Да-а-а... Спиртовой бартер был особым видом «творчества». На него менялось всё, что можно, благодаря ему возводились личные гаражи и дачи. Гаражный кооператив, что за Кольцово на взгорье, даже в шутку предлагали назвать «Спиртовым». Позже рядом с гаражным возник погребной кооператив «Репка» (капитальные погреба с кирпичной надстройкой), который, по идее, тоже можно было бы назвать «Спиртовый-2».

Но сперва «жидкую валюту» требовалось вынести с промзоны. На проходных ручную кладь шмонали бдительные прапорщики, поэтому ёмкость со спиртом, как правило, прятали на себе. Очень удобным для проноса был плоский узкогорлый стеклянный микробиологический матрас с черной резиновой пробкой — даже если жидкость внутри него булькала, запах не просачивался. Но тара могла в самый неподходящий момент выскользнуть из-под одежды, а однажды, уже в автобусе, у одного товарища ёмкость, плохо закрепленная на поясе, перевернулась, пробка выскочила... Ох и запашок в салоне стоя-я-ял! Бедняга с пунцовым от смущения лицом замер, боясь пошевелиться — драгоценная жидкость, обильно смочив пузо и промежность, потекла по ногам. Да что там запашок! Поднеси спичку — вспыхнул бы, к чертям, как факел!

Один сотрудник как-то поделился со мной своим ноу-хау выноса спирта. Он наливал его в... двойной презерватив. «Резино-техническое изделие номер два», как тогда деликатно именовали контрацептивы советского производства, было достаточно прочным и эластичным, спирта входило много. Потом добро помещалось в сапог — мягкая ёмкость удобно облегала ногу в широком голенище. Но я этой технологией не воспользовался ни разу.

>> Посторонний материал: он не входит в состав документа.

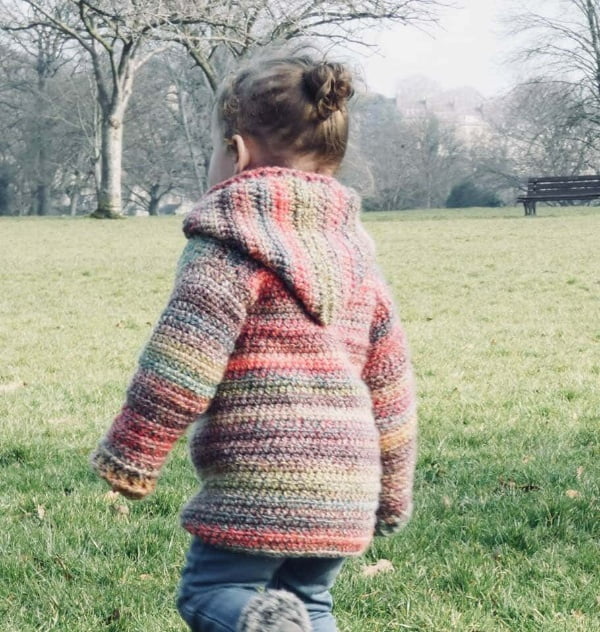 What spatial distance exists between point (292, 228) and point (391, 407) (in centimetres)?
54

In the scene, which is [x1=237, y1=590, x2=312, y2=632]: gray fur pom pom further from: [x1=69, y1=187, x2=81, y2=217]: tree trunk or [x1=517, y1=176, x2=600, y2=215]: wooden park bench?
[x1=69, y1=187, x2=81, y2=217]: tree trunk

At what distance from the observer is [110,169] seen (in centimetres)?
2669

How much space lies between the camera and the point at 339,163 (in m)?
2.19

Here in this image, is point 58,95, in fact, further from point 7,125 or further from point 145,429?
point 145,429

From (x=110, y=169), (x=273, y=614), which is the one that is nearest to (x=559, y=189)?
(x=110, y=169)

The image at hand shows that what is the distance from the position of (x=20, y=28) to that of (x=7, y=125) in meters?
20.3

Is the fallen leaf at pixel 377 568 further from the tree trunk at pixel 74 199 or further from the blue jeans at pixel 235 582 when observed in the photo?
the tree trunk at pixel 74 199

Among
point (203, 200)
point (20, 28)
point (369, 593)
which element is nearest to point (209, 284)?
point (203, 200)

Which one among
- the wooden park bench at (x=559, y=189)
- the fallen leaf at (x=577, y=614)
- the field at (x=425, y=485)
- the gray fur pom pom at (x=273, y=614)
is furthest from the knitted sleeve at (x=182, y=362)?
the wooden park bench at (x=559, y=189)

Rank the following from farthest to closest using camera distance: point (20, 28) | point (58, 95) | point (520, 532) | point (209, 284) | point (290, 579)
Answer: point (58, 95) → point (20, 28) → point (520, 532) → point (290, 579) → point (209, 284)

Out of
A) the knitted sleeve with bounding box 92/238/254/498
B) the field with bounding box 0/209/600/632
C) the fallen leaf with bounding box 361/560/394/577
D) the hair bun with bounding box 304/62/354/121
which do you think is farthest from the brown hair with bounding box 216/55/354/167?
the fallen leaf with bounding box 361/560/394/577

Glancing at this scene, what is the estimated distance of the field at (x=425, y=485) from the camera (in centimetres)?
302

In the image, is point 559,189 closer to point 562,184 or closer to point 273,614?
point 562,184

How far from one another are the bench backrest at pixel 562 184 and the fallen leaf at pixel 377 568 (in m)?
26.0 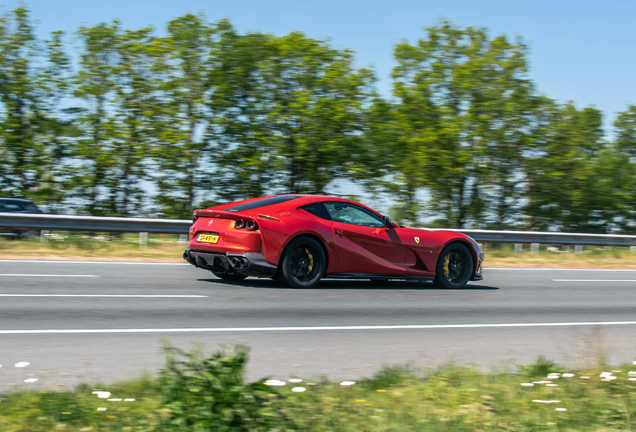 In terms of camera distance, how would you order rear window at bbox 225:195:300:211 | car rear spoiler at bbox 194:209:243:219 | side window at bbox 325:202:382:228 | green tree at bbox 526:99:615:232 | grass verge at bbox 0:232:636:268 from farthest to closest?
green tree at bbox 526:99:615:232
grass verge at bbox 0:232:636:268
side window at bbox 325:202:382:228
rear window at bbox 225:195:300:211
car rear spoiler at bbox 194:209:243:219

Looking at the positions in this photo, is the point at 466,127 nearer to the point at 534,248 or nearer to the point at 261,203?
the point at 534,248

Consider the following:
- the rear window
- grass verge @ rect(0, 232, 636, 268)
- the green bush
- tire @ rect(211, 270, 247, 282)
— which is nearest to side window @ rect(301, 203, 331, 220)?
the rear window

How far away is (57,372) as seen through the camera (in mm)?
4859

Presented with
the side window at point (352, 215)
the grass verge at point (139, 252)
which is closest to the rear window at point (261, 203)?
the side window at point (352, 215)

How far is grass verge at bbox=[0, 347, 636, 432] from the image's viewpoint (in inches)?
141

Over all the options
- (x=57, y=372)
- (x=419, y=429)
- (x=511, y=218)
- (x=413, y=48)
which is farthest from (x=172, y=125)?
(x=419, y=429)

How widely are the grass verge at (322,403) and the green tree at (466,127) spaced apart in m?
21.3

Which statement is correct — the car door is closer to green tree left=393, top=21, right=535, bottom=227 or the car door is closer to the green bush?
the green bush

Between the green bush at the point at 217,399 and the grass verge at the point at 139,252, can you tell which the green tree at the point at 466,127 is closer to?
the grass verge at the point at 139,252

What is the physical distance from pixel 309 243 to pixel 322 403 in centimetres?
559

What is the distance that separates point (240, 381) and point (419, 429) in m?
1.00

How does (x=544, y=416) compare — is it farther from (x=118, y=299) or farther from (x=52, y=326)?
(x=118, y=299)

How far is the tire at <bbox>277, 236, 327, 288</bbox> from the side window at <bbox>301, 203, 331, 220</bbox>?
42 centimetres

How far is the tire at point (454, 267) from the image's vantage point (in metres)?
11.1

На выловленных на вахте несунов спирта составляли протокол, «славили», лишали премиальных. В случае рецидива, помимо этого, можно было нарваться на штраф или слететь вниз в очередном списке на жильё или детский садик. Но спалившихся почти не было. Почему? Если человек попадался, нужно было всего лишь уйти в глухую «несознанку», мол, что это за предмет, откуда он взялся, ума не приложу: «Товарищ прапорщик, в первый раз вижу! Чесслово!» Понятливые прапора схватывали ситуацию мгновенно, поэтому и среди бдительных охранников нашего славного НПО спиртец водился всегда. А уж у начальников проблем с выносом спирта не возникало вообще: в их пропусках стояла специальная отметка, запрещавшая проверку их портфелей. По моим приблизительным прикидкам, всего спирта выносилось от 30 до 50 (в особо трудные годы) процентов. Наносился ли этим большой материальный ущерб? Не думаю, ведь спирт стоил копейки. Зато все были довольны.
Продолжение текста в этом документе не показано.